Insane days work just to swap screen res :D

Today, I was awake at 6am as it was holiday morning. Not for me, I’m staying here, but it means I was awake at 6am, and naturally, ended up programming by 7.30am.

Sooo… I thought I’d get the screen res code done today, and here it is at 11.55PM and it’s still not 100% what it should be. I’ve stopped for food twice, and didn’t linger over it. Bah.

Now granted, I spent maybe two hours dealing with the upcoming German translation of Democracy 2, but the rest of the time I’ve had my head buried in the directx documentation trying to find out just how the hell it’s supposed to handle a screen res change under directx9. I finally got there, and I’m still ironing out the bugs in certain circumstances, but my main objective now at least looks doable, which was to retain the feature all my games have of ‘in-game’ resolution toggling.

I HATE it when games ship with a separate ‘launcher’ app that you use to set the screen res. It’s just so fiddly. I much prefer being able to fiddle with such things, especially windowed / fullscreen toggling ‘on the fly’. I doubt it will be possible mid-battle, but at least it will be a part of the main app itself. Plus it makes it trivial for me to test that the GUI works in all resolutions. 768 really pushes it height wise, but I’ll sort it.

Today was not fun, it took longer than it should had, and it was seriously frustrating and involved. The idiot who knocked on my door to try and doorstep-sell me energy supplies got told where he could shove his special offer :D

explosions, texture swaps, allsorts…

I spent part of today adding new explosion effects to the game. Until now, all my particles have had random rotation. This makes them look natural, but for some explosion effects you want the particles to be ‘stretched’ and thus for them to be angled in the direction they face. Anyway, that’s in and looking good.
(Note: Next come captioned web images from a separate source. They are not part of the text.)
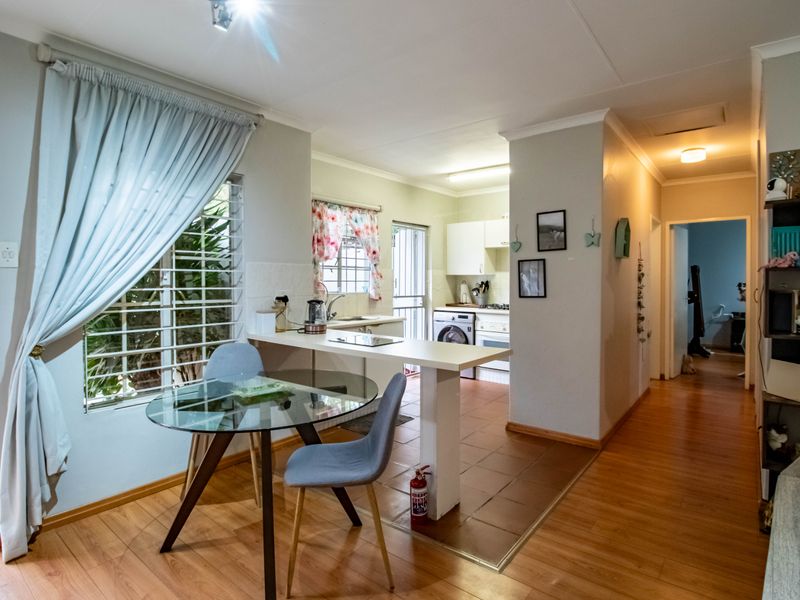 Pet friendly | Charming 2 bed 2 bath - Photo 4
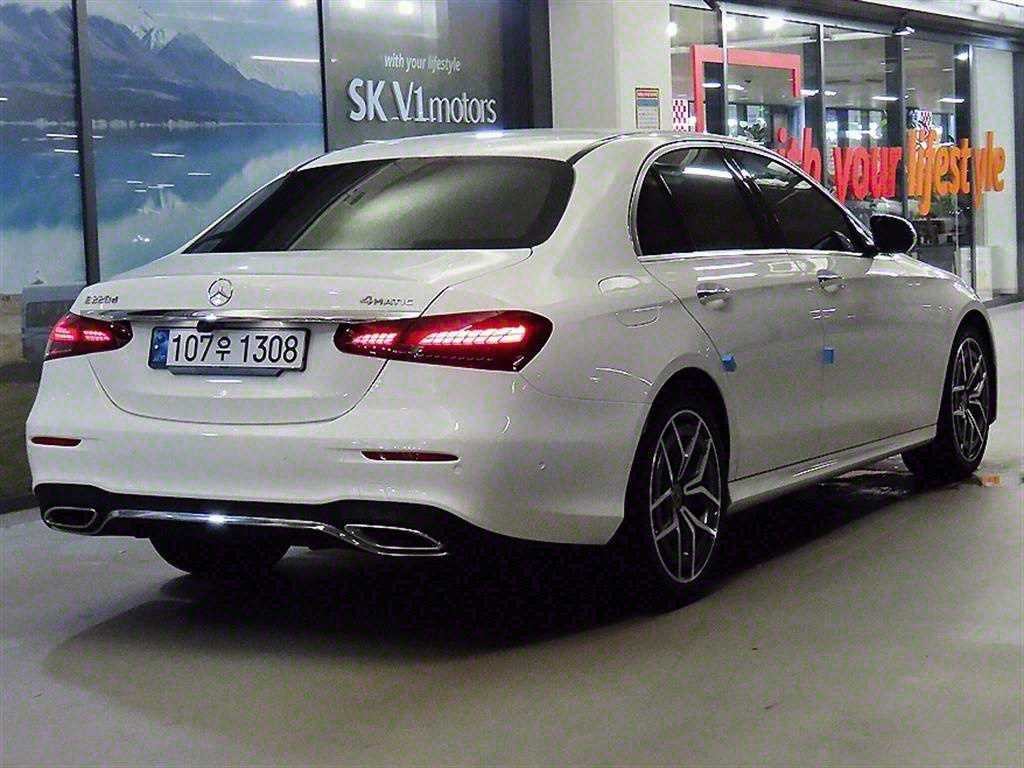 벤츠 E 클래스 E-클래스 W213 E220d 4MATIC AMG라인 이미지 4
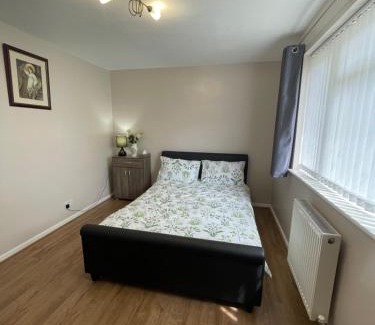 Banbury House | 3 Bedrooms Homestays In Drayton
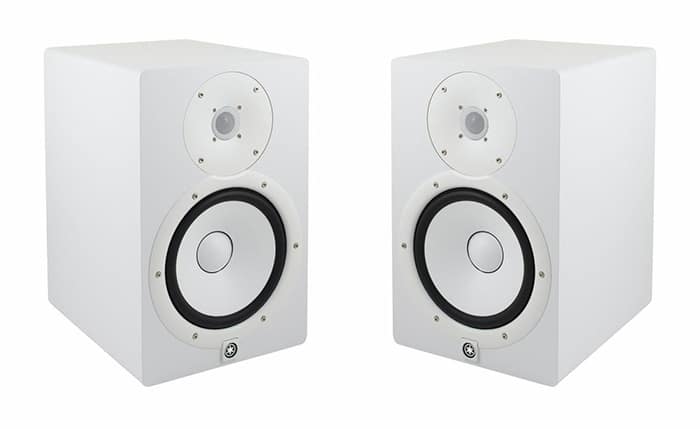 O HS8 da Yamaha também está disponível em branco!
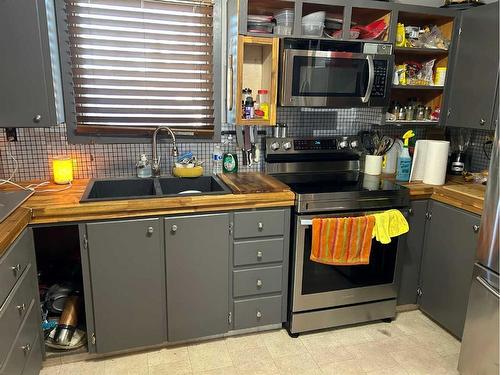 213 1 Avenue, Torrington, AB - Indoor Photo Showing Kitchen With Double Sink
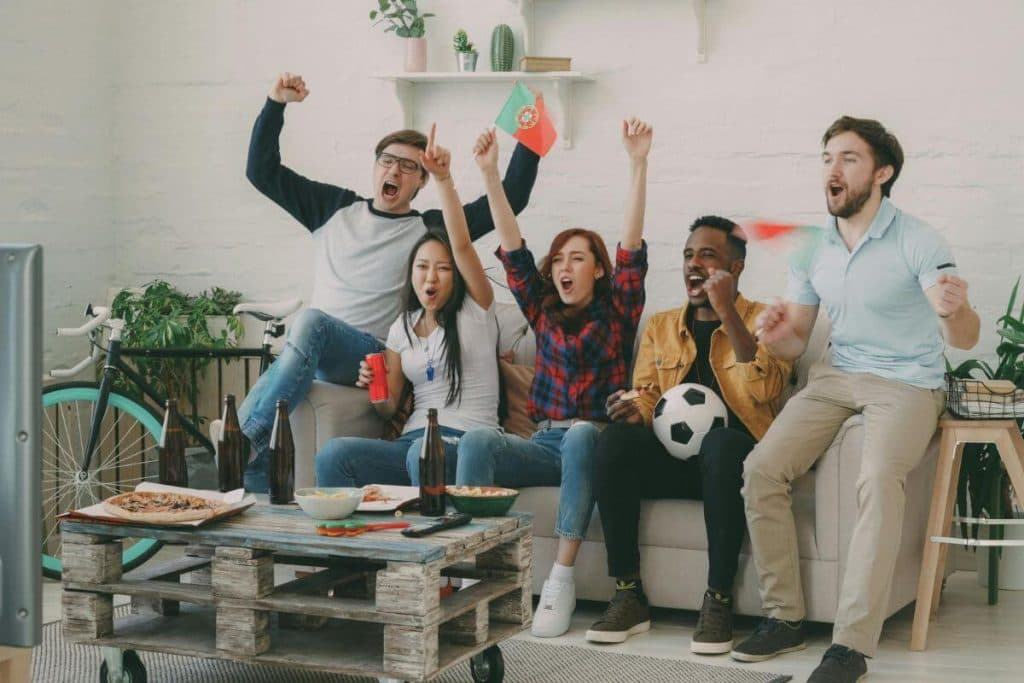 ¿Cómo armar reuniones para ver los partidos sin descuidar tu salud?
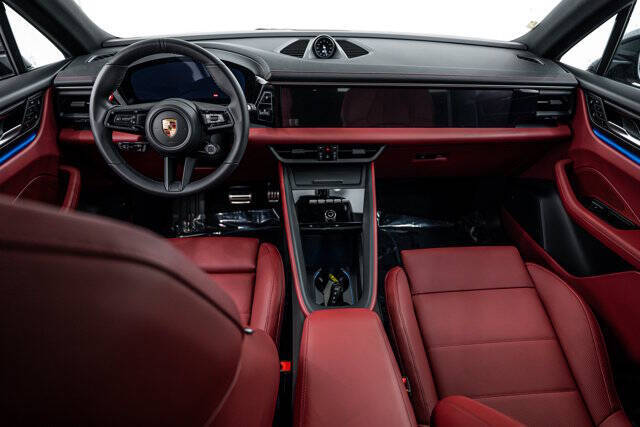 2025 Porsche Macan 4S Electric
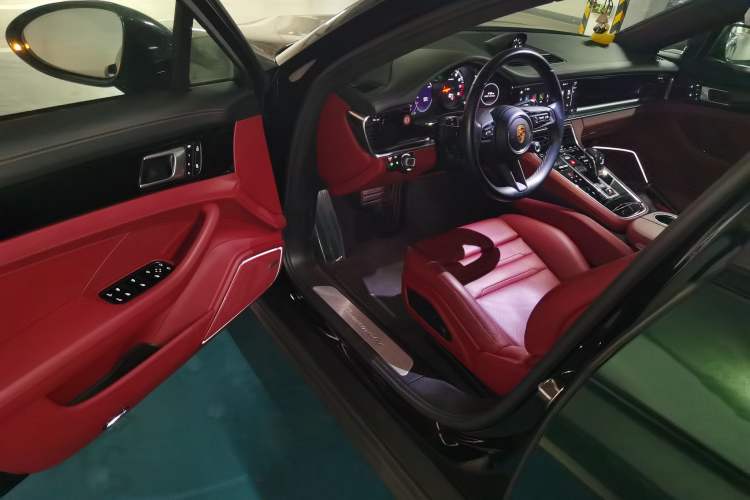 Used Porsche Panamera 2021 Panamera 2.9T Interior 3
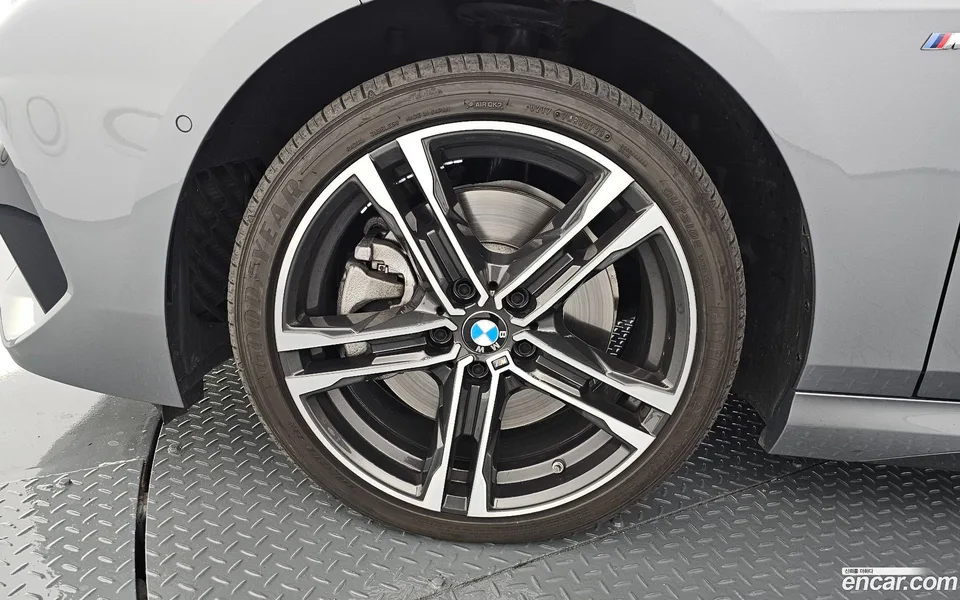 BMW 2 Series Gran Coupe 220i M 2022 — миниатюра 2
Also today I added some basic physics to debris so that when there is a big white explosive flash, it’s applied as a force to the debris which makes the explosion seem more 3D and impressive.
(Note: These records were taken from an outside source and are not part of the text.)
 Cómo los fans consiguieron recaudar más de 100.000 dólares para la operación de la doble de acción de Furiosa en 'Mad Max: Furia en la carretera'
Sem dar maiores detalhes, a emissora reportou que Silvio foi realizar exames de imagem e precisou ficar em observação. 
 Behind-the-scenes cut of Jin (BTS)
I’ve also been thinking about techniques to reduce the number of texture-swaps per frame, which is currently scarily high in some cases. I can’t easily use z-buffers for the game because the huge amount of alpha-blending that I do. (I tried it, and its slower). One thing I’m considering is more use of (manually assembled) texture atlases, another is to make greater use of concurrency by scheduling some tasks for processing by the CPU while the GPU is busy swapping textures.
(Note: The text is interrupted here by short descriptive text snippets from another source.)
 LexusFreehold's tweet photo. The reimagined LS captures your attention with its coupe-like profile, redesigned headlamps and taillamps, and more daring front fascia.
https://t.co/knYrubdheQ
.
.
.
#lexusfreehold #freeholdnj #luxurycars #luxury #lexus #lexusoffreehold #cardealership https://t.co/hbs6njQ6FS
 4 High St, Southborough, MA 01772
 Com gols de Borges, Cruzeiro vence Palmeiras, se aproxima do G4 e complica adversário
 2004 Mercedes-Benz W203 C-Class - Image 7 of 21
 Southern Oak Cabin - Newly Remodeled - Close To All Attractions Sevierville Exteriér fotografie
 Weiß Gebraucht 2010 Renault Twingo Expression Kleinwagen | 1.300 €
I havent implemented resolution changing yet, but I’ll be taking everyone’s suggestions for doing so on-board on monday when I do it. I suspect I’ll display all options above a certain minimum height.

Website updated with FAQ and new screenshots

Yesterday I got the GSB website updated a bit, adding the final logo for the game and some small new screen shots and a FAQ. You can see it here:

http://positech.co.uk/gratuitousspacebattles/

And the faq is here:

http://positech.co.uk/gratuitousspacebattles/faq.html

As well as that, I also got the last few bits of GUI done, so the in-game GUI now is generally the final one, not the crappy one in the BBC video, although I’m hoping to add various bits of polish to it here and there. I also have a tutorial to do, and need to code in support for switching screen resolutions as well. From then on it’s back to play balancing and final weapons and data for the simulation.

The screen resolution system will probably support a number of fixed resolutions to choose from, if your card supports them. In the past, I’ve coded games that basically ask the card what it can do and let the player pick, but that can be hellishly awful to support, as some cards return about 100 options, and some can be obscure. Right now, the game needs 1024×768 minimum, but I might try and squash it to 600 for netbooks.

I definitely aim to support at least one stupidly big res, probably 1900 1200 res. If your video card can do it, the game will look real nice at that size.